One year has passed since the Ethereum (ETH) Merge, which marked the integration of Ethereum’s proof-of-stake (PoS) Beacon Chain with the Ethereum Mainnet.
This significant milestone facilitated the transition of the Ethereum blockchain from the legacy proof-of-work (PoW) system to a PoS model, giving rise to Ethereum 2.0.
The completion of the Merge on September 15, 2022, brought about a major shift in Ethereum’s energy consumption, with an expected reduction of 99.95%. Additionally, this transition opened up new possibilities for scaling the Ethereum ecosystem.
The merge involved migrating the entire blockchain to new PoS validator nodes, which require participants to stake or lock up 32 Ether (ETH) to participate in the network.
Importantly, this transition did not impact Ether tokens held by investors, and the operations of Ethereum-based applications remained unchanged. As Ethereum celebrated the first anniversary of The Merge, it introduced its latest testnet called Holesky.
Initially known as Holli, the Holesky testnet is designed to enhance the testing environment on Ethereum.

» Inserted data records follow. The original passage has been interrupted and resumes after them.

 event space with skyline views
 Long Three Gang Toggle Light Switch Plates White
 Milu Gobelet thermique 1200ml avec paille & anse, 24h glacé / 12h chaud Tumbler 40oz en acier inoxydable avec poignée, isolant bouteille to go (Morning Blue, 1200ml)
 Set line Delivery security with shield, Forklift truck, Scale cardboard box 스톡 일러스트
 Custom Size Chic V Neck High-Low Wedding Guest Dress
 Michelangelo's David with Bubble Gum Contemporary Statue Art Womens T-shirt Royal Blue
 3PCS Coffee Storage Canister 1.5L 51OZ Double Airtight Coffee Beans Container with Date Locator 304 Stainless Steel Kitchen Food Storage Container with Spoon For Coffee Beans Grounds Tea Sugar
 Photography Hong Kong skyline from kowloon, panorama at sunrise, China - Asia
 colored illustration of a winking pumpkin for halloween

Drawing inspiration from a vibrant neighborhood in Prague, Czech Republic, this new testnet offers various improvements over its predecessor, Goerli.
According to a blog post from the software development firm Tatum, Holesky is set to replace Goerli as the primary testnet for staking, infrastructure, and protocol development. For testing decentralized applications, smart contracts, and other Ethereum Virtual Machine (EVM)-related functions, the Sepolia testnet remains the preferred choice.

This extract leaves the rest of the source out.